Aim of the exercise: Every line below should be set down exactly as it appears.

----

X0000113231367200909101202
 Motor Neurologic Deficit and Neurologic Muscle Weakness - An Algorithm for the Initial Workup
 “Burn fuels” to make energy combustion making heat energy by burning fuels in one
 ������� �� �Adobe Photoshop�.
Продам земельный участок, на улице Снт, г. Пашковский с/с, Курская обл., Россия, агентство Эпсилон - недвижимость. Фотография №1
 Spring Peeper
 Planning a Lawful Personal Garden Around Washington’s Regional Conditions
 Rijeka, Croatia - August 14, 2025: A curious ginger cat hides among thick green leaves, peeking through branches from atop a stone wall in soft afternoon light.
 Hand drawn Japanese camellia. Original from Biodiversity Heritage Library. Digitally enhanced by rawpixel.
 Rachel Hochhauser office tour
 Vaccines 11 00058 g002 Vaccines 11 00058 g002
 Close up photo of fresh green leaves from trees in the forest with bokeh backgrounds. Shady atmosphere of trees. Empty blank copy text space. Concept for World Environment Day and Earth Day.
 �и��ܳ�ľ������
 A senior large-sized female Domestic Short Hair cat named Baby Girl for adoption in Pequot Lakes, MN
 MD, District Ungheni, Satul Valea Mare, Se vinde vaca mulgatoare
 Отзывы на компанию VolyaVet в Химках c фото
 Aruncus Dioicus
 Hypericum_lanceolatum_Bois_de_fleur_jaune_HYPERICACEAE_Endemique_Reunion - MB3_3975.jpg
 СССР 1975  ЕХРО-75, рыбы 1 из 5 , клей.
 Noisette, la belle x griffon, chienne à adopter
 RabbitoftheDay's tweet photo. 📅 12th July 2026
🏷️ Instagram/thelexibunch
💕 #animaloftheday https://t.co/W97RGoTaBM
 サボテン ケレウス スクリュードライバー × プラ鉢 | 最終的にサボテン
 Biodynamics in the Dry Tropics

----

Your solution:
X0000113231367200909101202
 Motor Neurologic Deficit and Neurologic Muscle Weakness - An Algorithm for the Initial Workup
 “Burn fuels” to make energy combustion making heat energy by burning fuels in one
 ������� �� �Adobe Photoshop�.
Продам земельный участок, на улице Снт, г. Пашковский с/с, Курская обл., Россия, агентство Эпсилон - недвижимость. Фотография №1
 Spring Peeper
 Planning a Lawful Personal Garden Around Washington’s Regional Conditions
 Rijeka, Croatia - August 14, 2025: A curious ginger cat hides among thick green leaves, peeking through branches from atop a stone wall in soft afternoon light.
 Hand drawn Japanese camellia. Original from Biodiversity Heritage Library. Digitally enhanced by rawpixel.
 Rachel Hochhauser office tour
 Vaccines 11 00058 g002 Vaccines 11 00058 g002
 Close up photo of fresh green leaves from trees in the forest with bokeh backgrounds. Shady atmosphere of trees. Empty blank copy text space. Concept for World Environment Day and Earth Day.
 �и��ܳ�ľ������
 A senior large-sized female Domestic Short Hair cat named Baby Girl for adoption in Pequot Lakes, MN
 MD, District Ungheni, Satul Valea Mare, Se vinde vaca mulgatoare
 Отзывы на компанию VolyaVet в Химках c фото
 Aruncus Dioicus
 Hypericum_lanceolatum_Bois_de_fleur_jaune_HYPERICACEAE_Endemique_Reunion - MB3_3975.jpg
 СССР 1975  ЕХРО-75, рыбы 1 из 5 , клей.
 Noisette, la belle x griffon, chienne à adopter
 RabbitoftheDay's tweet photo. 📅 12th July 2026
🏷️ Instagram/thelexibunch
💕 #animaloftheday https://t.co/W97RGoTaBM
 サボテン ケレウス スクリュードライバー × プラ鉢 | 最終的にサボテン
 Biodynamics in the Dry Tropics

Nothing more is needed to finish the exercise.